A selector offers access inside an atom, such as selecting its metadata or the results of a regular expression. A data type selector can also indicate the type of data a value represents.
The most important selector is the metadata selector. Metadata is a list of keys and values belonging to an atom. It can be set or recalled with the
:metadata-key syntax. The space before the colon is optional and can be omitted when only one metadata-key is being set or retrieved.
Metadata is often used to store factual information that's associated with the atom. An atom representing a person might have metadata for his birthday, for example. Here are some sample atoms that represent elements in the periodic table with four pieces of data stored for each. The first parameter is the atom value and the others are metadata:
(@H hydrogen :no 1 :symbol H :weight 1.008) (@Li lithium :no 3 :symbol Li :weight 6.94) (@Na sodium :no 11 :symbol Na :weight 22.990)
We can recall any part of the metadata:
(@H) ⇒ hydrogen (@H:symbol) ⇒ H (@Na :weight) ⇒ 22.990 (@Li) #(@Li:no) ⇒ Lithium #3
This next example is factually incorrect since we know the atomic number of lithium is 3, not 7. Values like this which are known to be factually correct can be protected by a canon expression.
(@Li:no 7) ⇒ 7
Setting a metadata value changes the value in that expression and going forward:
1. (@tokyo-disneyland :rides (@pooh Pooh's Hunny Hunt) (@nemo …)) 2. (@tokyo-disneyland :rides) ⇒ Pooh's Hunny Hunt ...
The following definition of
(@ENGELBART) relies on the existence of
(@Portland) inside the same containing expression, in this case
(v ui-paper (@NLS NLS) (@Portland Portland) (@ENGELBART Douglas Engelbart :birthplace (@Portland) :software (@NLS)))
It results in the atom's value becoming Douglas Engelbart, his
:birthplace becoming Portland, and his
:software becoming NLS from this expression going forward.
(@DOUGLASENGELBART :software) ⇒ NLS
The full definition of (@ENGELBART) contains both a value and metadata selectors. Atoms like these can be viewed in several ways by the same viewer, allowing editing of metadata in a property sheet, for example.

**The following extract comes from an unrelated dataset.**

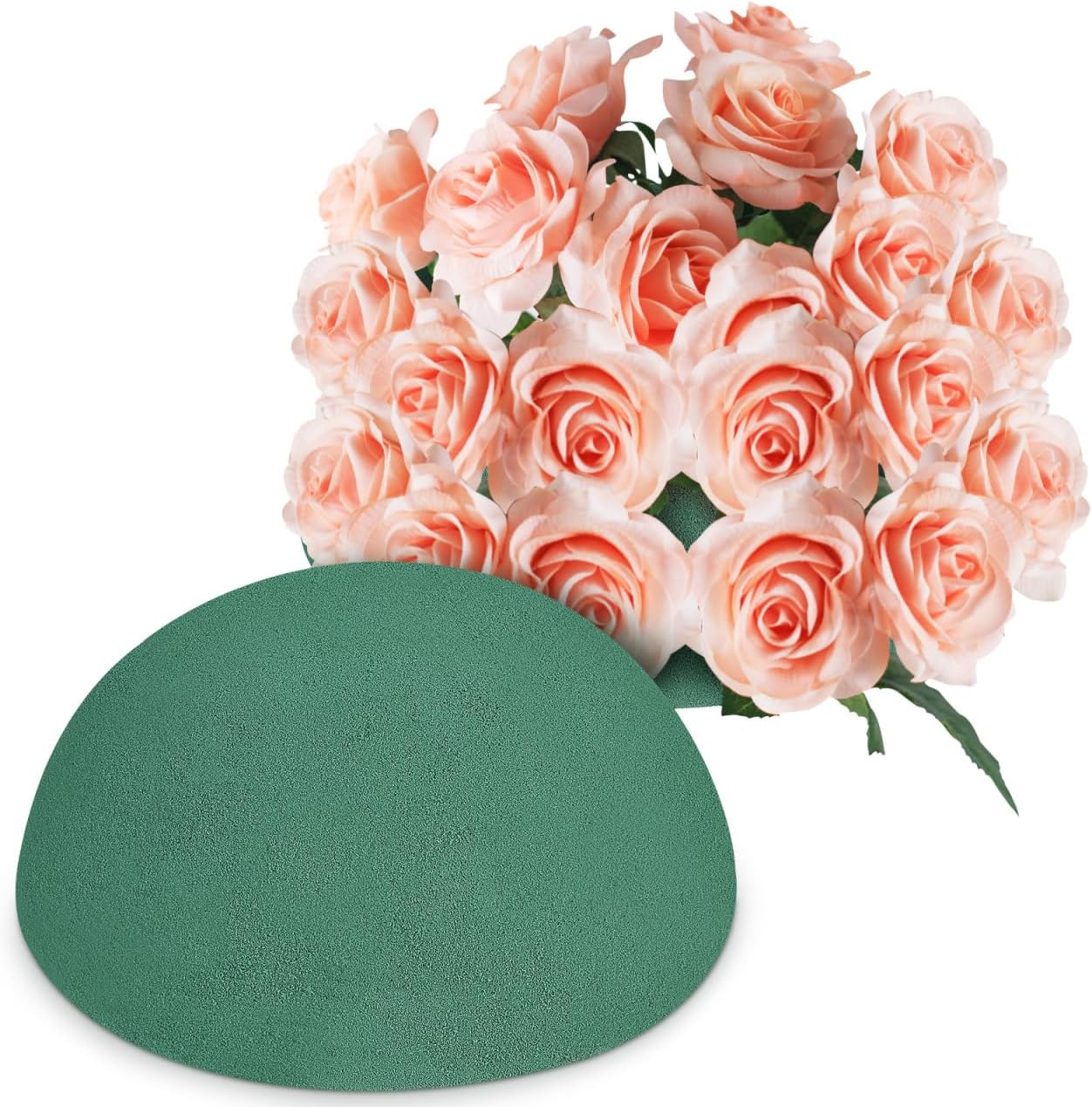 OHPHCALL 2pcs Half Ball Floral Foam, 15CM Green Resin Floral Arrangement Holder Round Craft Foam Balls for Weddings, Events, and Home Decor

The viewer has full access to the atom's value and the values of all its metadata, but in narrative text a single value is returned according to the following rules:
(@ key) ⇒ return the value of the atom (@ key value) ⇒ set the atom&'s value and return it (@ key selector) ⇒ return the result of the selector on the atom (@ key selector value) ⇒ set the selector to the value and return it (@ key value selector value) ⇒ set the atom's value and the selector's value and return the atom's value
These examples show all five varieties of rendering in reverse order because 5 is the defining type used to fully define an atom.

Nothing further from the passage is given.